Elle en a rendu compte à la Cour dans son délibéré et l'arrêt a été rendu à l'audience de ce jour.
FAITS ET PROCÉDURE
Durant les années 1990, M. [T] [U] était un athlète de haut niveau inscrit au sein de la fédération française des sports de glace (ci-après la FFSG) dans la catégorie bobsleigh depuis 1994.
Après une procédure de conciliation sous l'autorité du comité national olympique et sportif français (ci-après le CNOSF) infructueuse, par requête du 10 juillet 2007, M. [U] a saisi le tribunal administratif de Paris aux fins d'engager la responsabilité de la FFSG, considérant qu'elle avait commis une faute en ne le convoquant pas aux épreuves de présélection pour la constitution de l'équipe de France de bobsleigh.
Par jugement du 3 février 2011, le tribunal administratif de Paris a condamné la FFSG à verser à M. [U] la somme de 52 000 euros au motif qu'elle lui avait fait perdre une chance sérieuse d'être sélectionné en équipe de France au titre des sélections effectuées en 1998.
Par arrêt du 18 février 2013, la cour administrative d'appel de Paris, devant laquelle la FFSG avait produit une attestation de M. [O] [J] du 10 juillet 2012, a annulé le jugement du tribunal administratif et a rejeté la demande de M. [U].
Le pourvoi formé par M. [U] a été déclaré non admis par décision du 5 mars 2014 du Conseil d'Etat.
Par acte du 7 juillet 2017, M. [U] a assigné M. [J] devant le tribunal de grande instance de Grenoble pour voir la responsabilité de ce dernier engagée et voir indemniser ses préjudices, l'attestation dont il est l'auteur, ayant été déterminante dans la décision prise par la cour administrative d'appel de Paris.
Par jugement réputé contradictoire du 19 décembre 2019, le tribunal de grande instance de Grenoble a':
Débouté M. [U] de toutes ses demandes ;
Débouté M. [J] de sa demande de dommages-intérêts pour procédure abusive ;
Condamné M. [U] à payer à M. [J] la somme de 3 000 euros sur le fondement de l'article 700 du code de procédure civile ;
Condamné M. [U] aux entiers dépens dont distraction au profit de Me Descheemaker pour ceux dont il a été fait l'avance sans avoir reçu provision suffisante.

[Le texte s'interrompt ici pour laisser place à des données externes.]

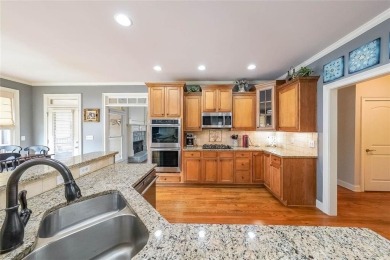 Master on Main*Cul-de-Sac*2,191 Sq Feet of Unfinished on Bridgemill Golf Club in Georgia - for sale on GolfHomes.com, golf home, golf lot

Le tribunal a retenu que :
- tous les développements consacrés au processus de sélection des membres de l'équipe de France de bobsleigh dans l'attestation de M. [J] n'ont eu aucune incidence sur le sens de l'arrêt de la cour administrative d'appel,
- même sans l'attestation de M. [J], le juge administratif serait parvenu à la même conclusion,
- M. [U] a pu discuter le contenu et la force probante de l'attestation devant la cour administrative d'appel sans que cela n'ait emporté la conviction de la juridiction administrative en ce qu'elle n'a pas retenu de faute de la FFSG dans son absence de sélection en équipe de France,
- par conséquent, M. [U] ne rapporte pas la preuve que l'attestation litigieuse ait été déterminante dans l'issue du procès qui l'a opposé à la FFSG.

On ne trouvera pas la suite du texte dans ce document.